On its entry into force on 1 January 1969, it created the Czech Socialist Republic and the Slovak Socialist Republic, both of them on an equal footing within the federation. The Act stipulated in article 142, paragraph 2, that both republics would in due course enact their own constitutions, and also envisaged the creation of three constitutional courts. The plan, however, was not followed through due to the onset of the period of normalization.

In fact, Czechoslovakia only functioned as a federation until the enactment of Constitutional Act No. 125/1970 Coll. in December 1970. Its explanatory notes clearly and openly articulate the need for "strengthening of the structural role of the central government of the federation". This act introduced 37 direct changes and additions, which undid the original plan for federation and took away most of the powers of the federal republics. Consequently in 1970 Czechoslovakia became essentially a centrally governed country, with only prima facie attributes of a federation.

The need for a new federal constitution was first announced officially at the 17th Congress of the Communist Party of Czechoslovakia in spring 1986. A working group fronted by Marián Čalfa was set up in 1987 to draft this, and in November 1988, a 153-strong committee of the Communist Party and the National Front was created, led by Miloš Jakeš. The constitution was expected to be enacted after the 18th Congress of the Communist Party, during the course of 1990. In its last draft, it was to be a single constitution serving both the federation and the two republics and, in contrast with its predecessor, did not include the leading role of the Communist Party, and somewhat expanded the list of basic human rights.

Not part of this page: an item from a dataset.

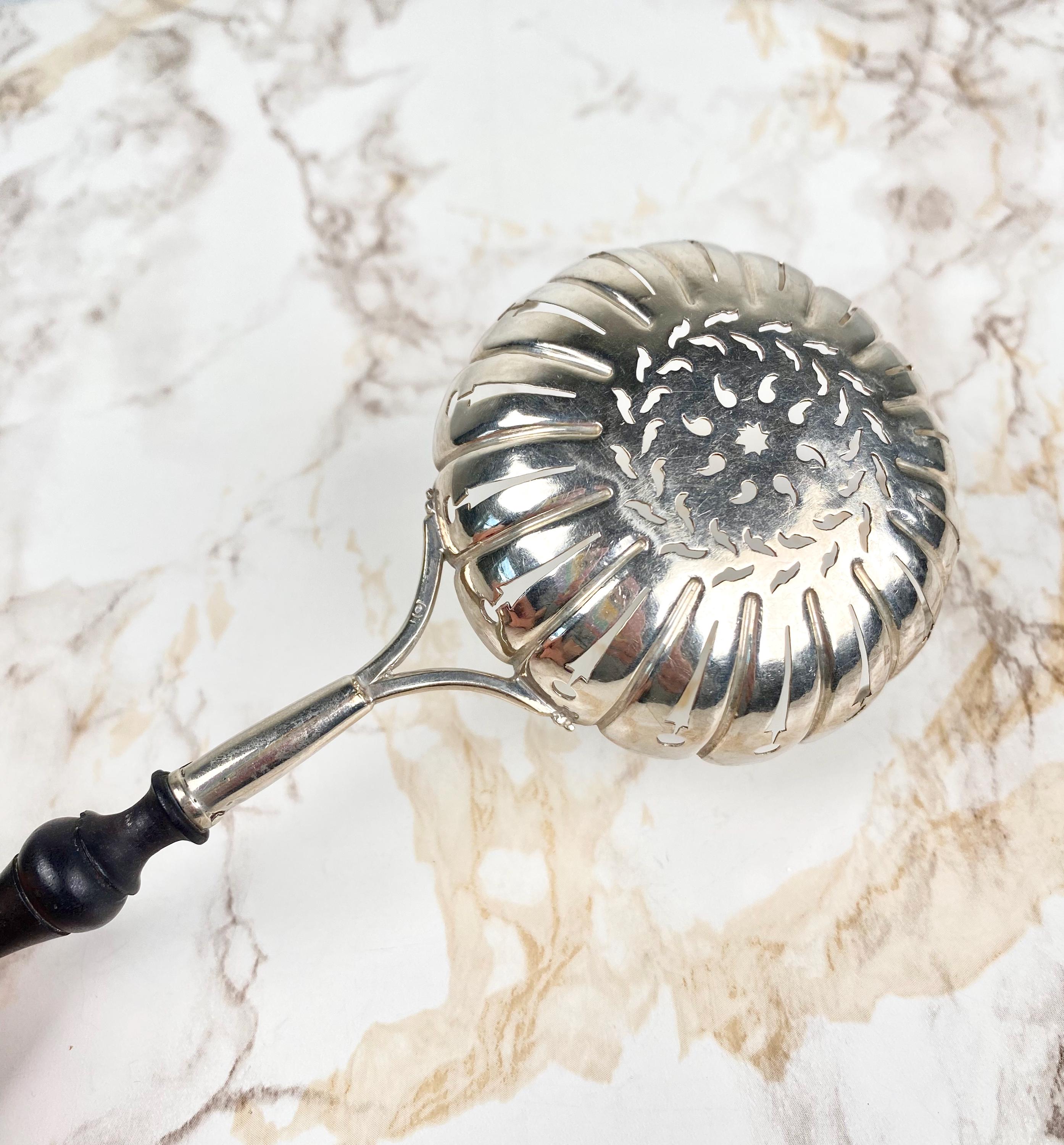 シュガーシフタースプーン　アンティーク　カトラリー アンティークシルバー製シュガーシフタースプーン（大型） - 19世紀の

In autumn 1989, a group of members of the Federal Assembly proposed the Constitutional Act on the Mode of Enactment of the New Constitutions of the Czechoslovak Socialist Republic, the Czech Socialist Republic, and the Slovak Socialist Republic. Despite not having seen the drafts of the constitutions themselves, on 31 October 1989, the national assemblies of both countries approved this proposal. The resolution of the Czech National Council was promulgated as Act. No. 123/1989 Coll. and the resolution of the Slovak National Council as Act No. 124/1989 Coll. These constitutional acts were intended as a prerequisite for the enactment of a single 'three-in-one' constitution, serving the federation and both republics. Through the consent of both national councils, both republics waived their entitlement to their own constitutions.

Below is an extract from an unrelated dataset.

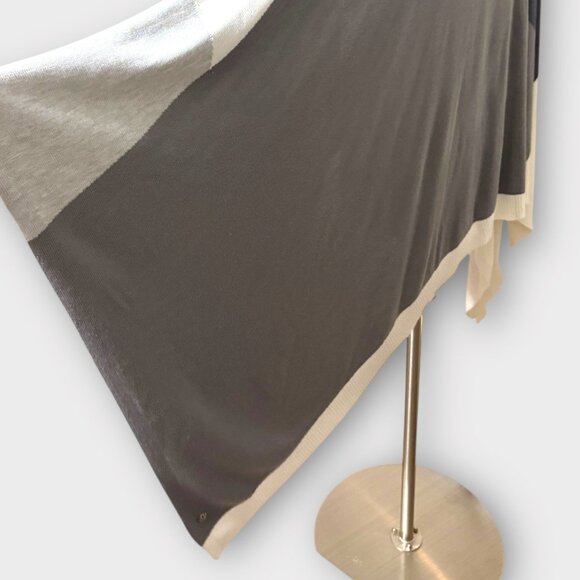 Lululemon Hatha Wrap OS Nebula Raceway Grey White Shawl Worn 1x Cozy Travel - Picture 9 of 10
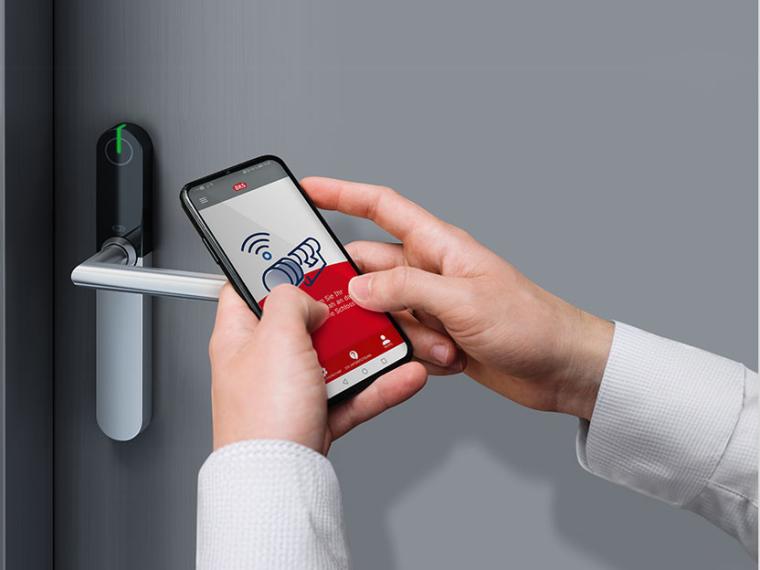 Mit der Ixalo | key App wird das Smartphone zum digitalen Schlüssel – für...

However, the events of the Velvet Revolution in 1989 quickly changed everything. As early as the plenary session of the Slovak National Council on 30 November 1989, deputy Majer asked whether it would be necessary to re-enact the provision on the way of enactment together with the new constitution, or whether the resolution of the Slovak National Council from the end of October would stay intact. In its next session on 6 December 1989, the Slovak National Council withdrew its consent of 31 October 1989 in Resolution No. 167/1989 Coll. The Czech National Council enacted a similar provision as Resolution No. 166/1989 Coll. on 19 December 1989. Subsequently, several constitutional acts were enacted, which were supposed to pave the way towards the creation, or rather, restoration of the federation. Both republics had passed constitutional acts on their symbols, and had had a number of powers devolved to them, which were hitherto vested in federal bodies. However, neither the Constitution of the federation, nor the constitutions of either of the republics were enacted prior to the election of 1992.

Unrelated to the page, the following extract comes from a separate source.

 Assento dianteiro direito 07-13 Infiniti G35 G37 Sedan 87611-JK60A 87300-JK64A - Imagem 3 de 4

=== Preparations for the dissolution of the federation ===

On 5 and 6 June 1992, elections were held for the Federal Assembly of the Czech and Slovak Federative Republic (parliament), the Czech National Council, and the Slovak National Council. In the Czech Republic, the Civic Democratic Party won the election; in its electoral programme, the party spoke of either a functional federation, or separation, although keeping the federation was the preferred option. In Slovak Republic, the winner was the Movement for a Democratic Slovakia, whose election promise was to acquire international legal subjectivity for Slovakia – although this was clearly inconsistent with the continuation of the shared state, the party convinced voters that it did not rule out the existence of the federation.

The Constitution of the Slovak Republic was enacted on 1 September 1992, and came into force on 1 October 1992, three months before the dissolution of Czechoslovakia.

The making of the Constitution of the Czech Republic also commenced soon after the election. Two committees were set up: a government committee, and a committee of the Presidium of the Czech National Council.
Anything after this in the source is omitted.